- [REQUIREMENT] Nothing but the lines from the one containing "A modern bathroom" through the last line of the material should appear in the answer, transcribed exactly, pictures excluded.

- [SOURCE MATERIAL]
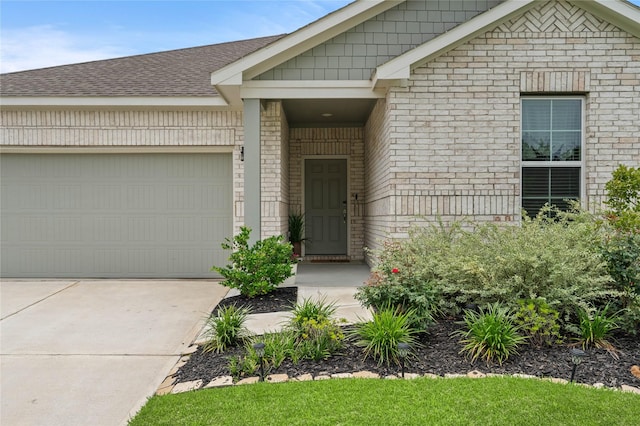 5732 Palm Flower Dr, Montgomery, TX 77316 - property entrance with an attached garage, concrete driveway, roof with shingles, and brick siding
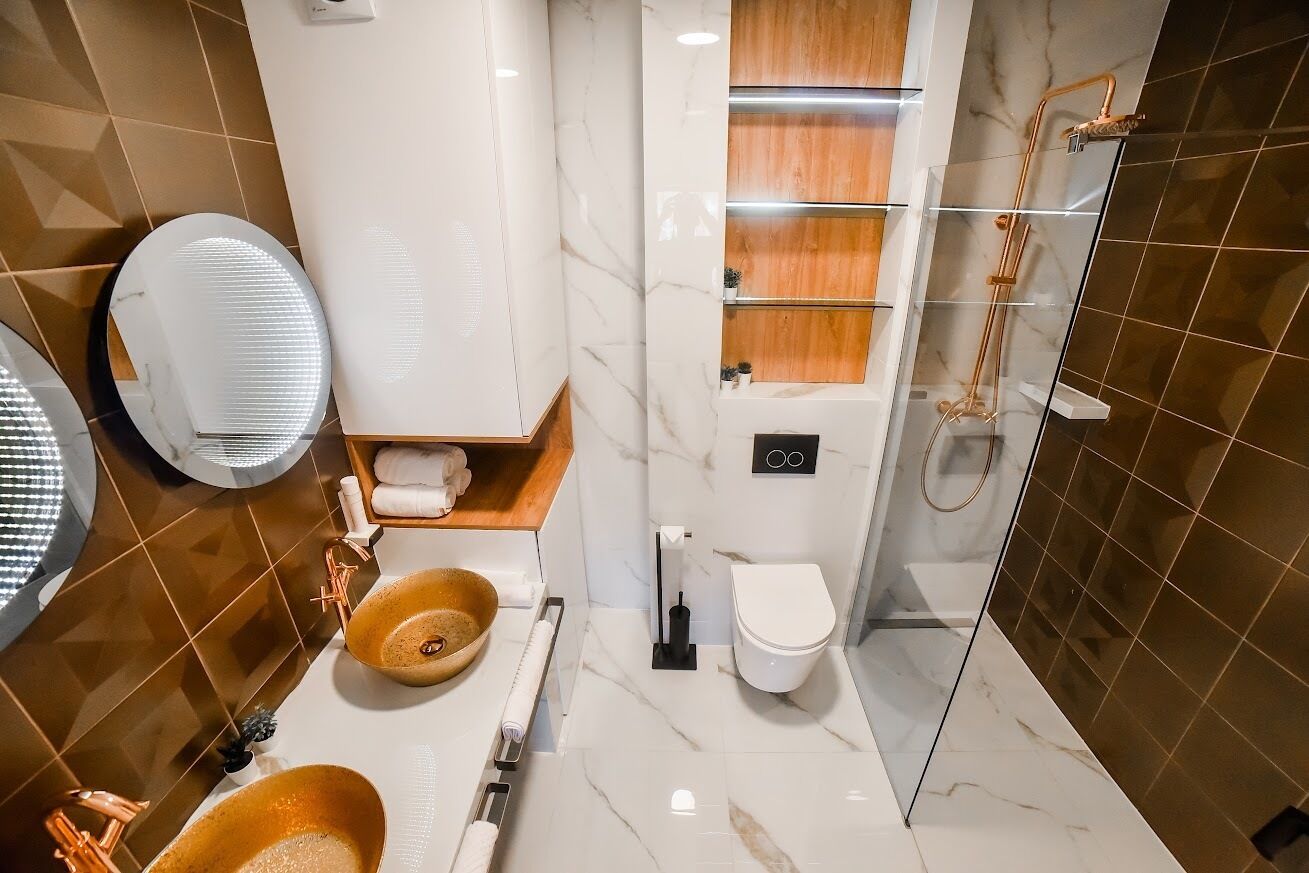 A modern bathroom with a marble floor, a wooden vanity, a round sink with a copper faucet, a toilet, and a glass shower enclosure.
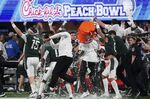 The Michigan State team celebrates a victory over Pittsburgh after the Peach Bowl NCAA college football game, Thursday, Dec. 30, 2021, in Atlanta. Michigan State won 31-21.(AP Photo/John Bazemore)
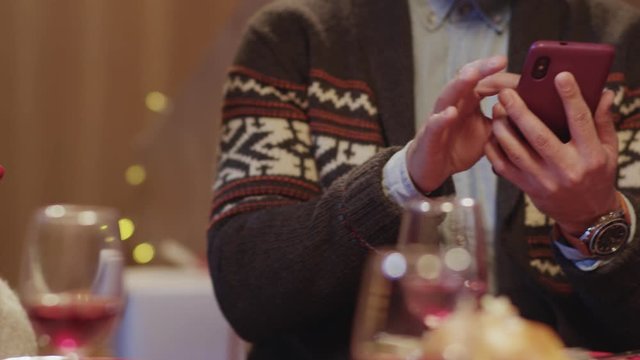 Row of multi-ethnic young people gathering at Christmas celebration table using smartphones for wireless internet communication. Modern online friendship. Nomophobia.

- [FINISHED EXERCISE]
 A modern bathroom with a marble floor, a wooden vanity, a round sink with a copper faucet, a toilet, and a glass shower enclosure.
 The Michigan State team celebrates a victory over Pittsburgh after the Peach Bowl NCAA college football game, Thursday, Dec. 30, 2021, in Atlanta. Michigan State won 31-21.(AP Photo/John Bazemore)
 Row of multi-ethnic young people gathering at Christmas celebration table using smartphones for wireless internet communication. Modern online friendship. Nomophobia.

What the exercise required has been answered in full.